#### [What is expected]
All the lines below should appear again unchanged, though their pictures should not.

#### [Data extract]
· · · · ·

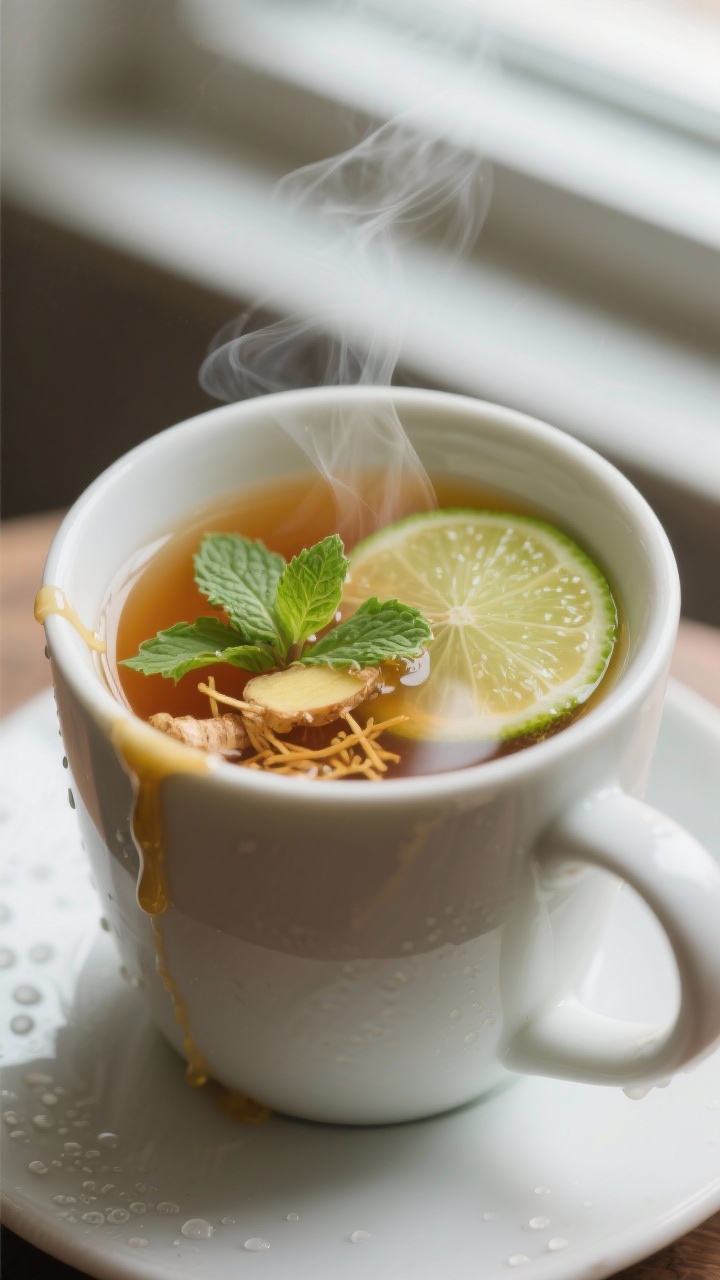 Close-up detail: A steaming mug of Ginger-Mint Belly Soother just after steeping, strained and poure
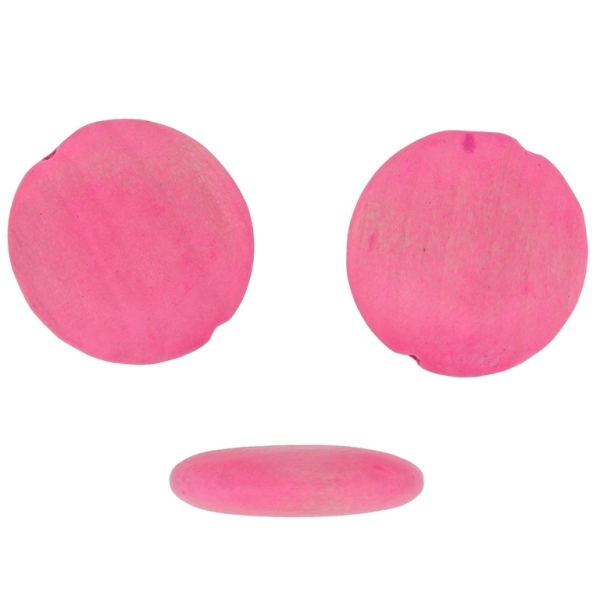 WOODEN BEADS - DISK FLAT ROUND - 32х8mm PINK - 50pcs. Hole:3.0mm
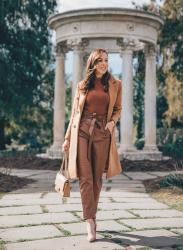 Inspired By Meghan Markle in Camel and Brown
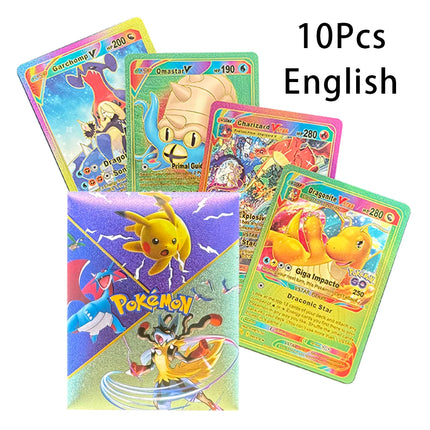10Pcs Pokemon Colorful Shining Rainbow Cards English Vmax Gx Charizard Pikachu Trading Game Collection Battle Card Children Toys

· · · · ·

#### [Your response]
 Close-up detail: A steaming mug of Ginger-Mint Belly Soother just after steeping, strained and poure
 WOODEN BEADS - DISK FLAT ROUND - 32х8mm PINK - 50pcs. Hole:3.0mm
 Inspired By Meghan Markle in Camel and Brown
10Pcs Pokemon Colorful Shining Rainbow Cards English Vmax Gx Charizard Pikachu Trading Game Collection Battle Card Children Toys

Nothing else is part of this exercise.